My social studies teacher had told us that the government is set up that we stay in the same social status that we were born in. I, however, am not going to let that happen. I can take control of my own path if I really wanted to, and I will. I'm going to get the tools needed to climb my way up the next mountain called college, and it'll be one that I want to go to.

Thank you in advance! And I'm actually not sure if this should be for the first prompt, it sounds like it could be for the second prompt too which is:

Tell us about a personal quality, talent, accomplishment, contribution, or experience that is important to you. What about this quality or accomplishment makes you proud and how does it relate to the person you are?
Grace430 1 / 3  
Nov 15, 2010   #2
"My mom worked twelve hours a day for the three of us, and I rarely saw her. Soon, my dad started working at a nursing home, and practically lived there too. She, like my dad, took care of an elderly woman."

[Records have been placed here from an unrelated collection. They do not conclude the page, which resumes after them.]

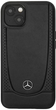 Etui Mercedes Leather Urban do Apple iPhone 15 Plus Black (3666339171865) - obraz 1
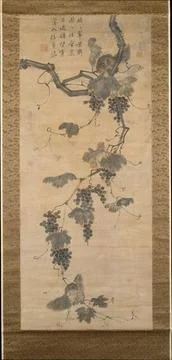 Grapevine and Squirrels early 19th century Unidentified artist The subject .. Stock Illustration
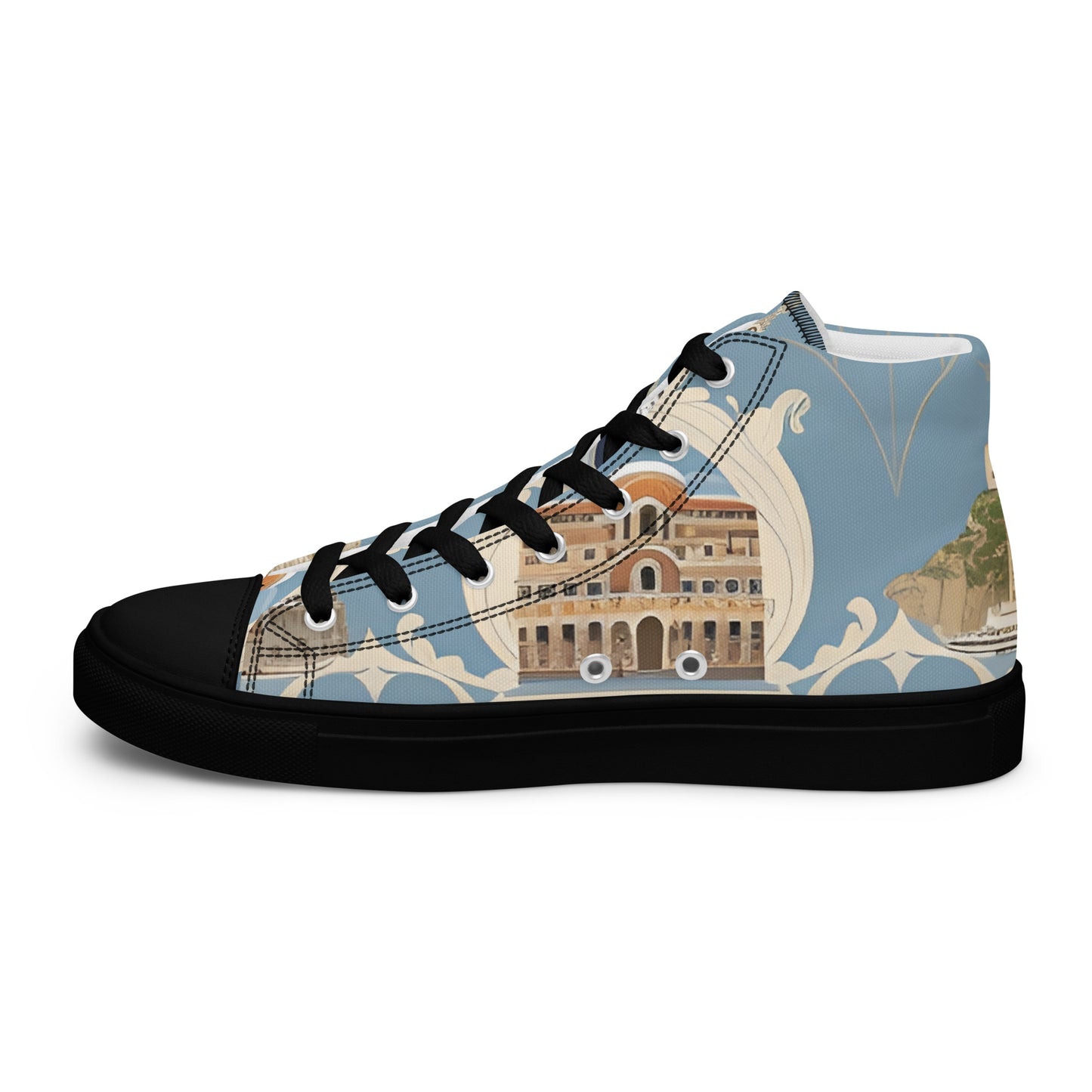 Men’s high top canvas shoes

Don't you mean "He, like my mom, took care..."?

"Now that college is near, I've been stressing about how I'm going to pay for college. It really alarmed the people closest to me, and I felt that I should take that risk and just tell them."

I think you should rewrite to something like: "Since paying for college alarmed all of my close friends, I became worried too; I felt that I should take a risk and told them of my situation."

OR take out the "and" and replace with "so".

good luck~!
EF_Kevin 8 / 13,321 129  
Nov 25, 2010   #3
My mom had come here two ...

...a chance at opportunities better than the ones they had. better future than they did.

Since we were still waiting for our immigration case to be processed, they have had to accept any job they can could get because they haven't hadn't gotten the papers yet.

It's truly amazing how they put themselves aside, and took whatever jobs wer e available.---Yes, it is!!

I was never open with my ideas, though -- never shared my secret with anyone. though .

I can take control of my own path if I really wanted want to, and I will.

...and it'll be one that I want to go to.---I think you can improve this ending!! But the essay is great. I hope you and your family find a lot of success!